The SECURE Act and YOU!
As you may or may not know, during the last two weeks of 2019, there was a major piece of legislation that affects quite a few staple planning opportunities. Our goal is to always provide you with the education and tools you need to make informed decisions as it affects your financial house. While many things in the new law are still being reviewed and interpreted, we wanted to highlight a few changes that are significant and may affect you:
- Change in age for required minimum distributions from 70 ½ to 72. This only impacts those who did not turn 70 ½ prior to January 1st, 2020. If you are already in “RMD” status, then this change does not impact you.
- Given the change in the age for required minimum distributions, we thought it was important to point out that this does not affect your ability to still take advantage of Qualified Charitable Distributions “QCDs” since these can start when you turn 70 ½.
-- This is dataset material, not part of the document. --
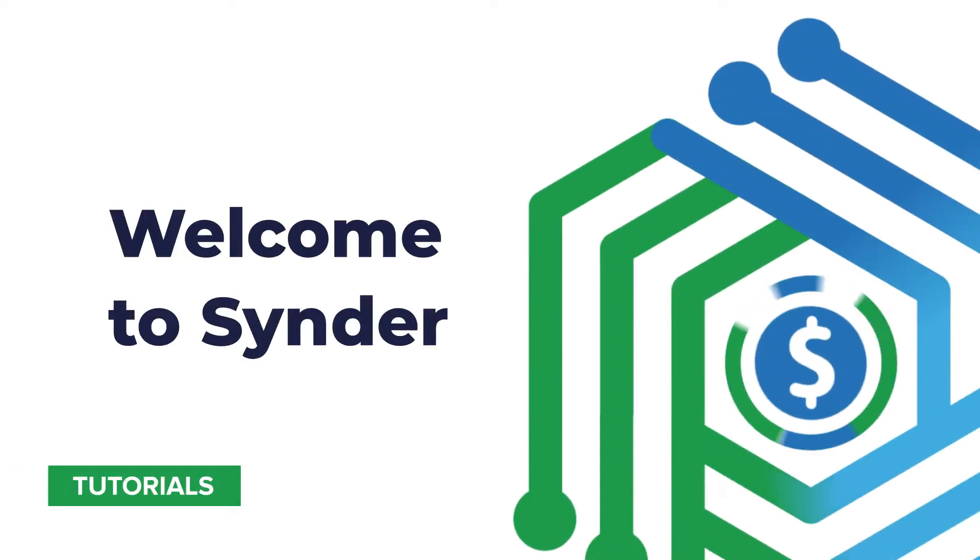Hello and welcome to Cinder. In this video, you will learn how to connect Shopify and its payment gateways to your accounting for quick reconciliation, automatic data sync, and detailed reporting.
- A more significant change is the distribution requirements for beneficiaries of inherited Retirement Accounts such as IRAs, Roth IRAs, 401Ks, etc. The ability to continue to stretch IRA distributions over the beneficiaries’ lives with limited exception for spouses, disabled beneficiaries, chronically ill beneficiaries, minor children and certain trust, was ELIMINATED. Going forward the general rule is that inherited IRAs must be distributed within 10 years after the retirement account owner passes away.
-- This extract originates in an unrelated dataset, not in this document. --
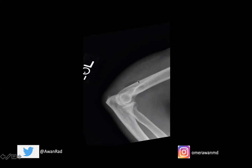We also have the presence of a posterior fat pad — again, a triangular lucency visible here. This indicates that there is a joint effusion. When you see a posterior fat pad, or enlargement and anterior displacement of the anterior fat pad, that indicates there is an effusion.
- As you know, a taxpayer must have “earned income” to fund an IRA. The Act included a change to allow taxable non-tuition fellowship and stipend payments to count for purposes of funding an IRA.
- You will be allowed to take penalty free distributions of up to $5,000 from retirement accounts for a qualified birth of a child or adoption.
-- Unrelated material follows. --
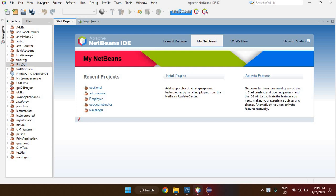I just want to quickly go through how we can add or connect a MySQL database to our Java applications in NetBeans. Once you have downloaded and installed MySQL Server, you should also have downloaded the MySQL Connector/J, which is the JAR file or the driver that will allow us to connect our Java application to our MySQL database. I'm going to keep this video as short as possible.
- Contributions to Traditional IRAs will now be allowed beyond the ages of 70 ½ if taxpayers have earned income. This may present an opportunity to continue to fund your retirement accounts and take advantage of tax deferred growth.
- The Kiddie Tax Rules, effective with the 2017 tax act, has been rolled back. This was disastrous in some cases for children with unearned income. We are happy to see that go away! This also presents an opportunity to amend a previously filed 2018 tax return for a potential refund that may apply with the old rules.
- To make 529 Plans more attractive, the qualified distributions rules have been expanded to cover expenses associated with apprenticeships and repayment of student loans of up to $10,000.
- For business owners, the Act incorporates new credits that are associated with the establishment of Retirement Plans for your employees.
- There was a change to reduce the amount of work hours required for employees to be eligible to participate in their employer’s 401K plan. The new rules reduce the hours from 1,000 to 500 so that part-time employees have a chance to save for their retirement.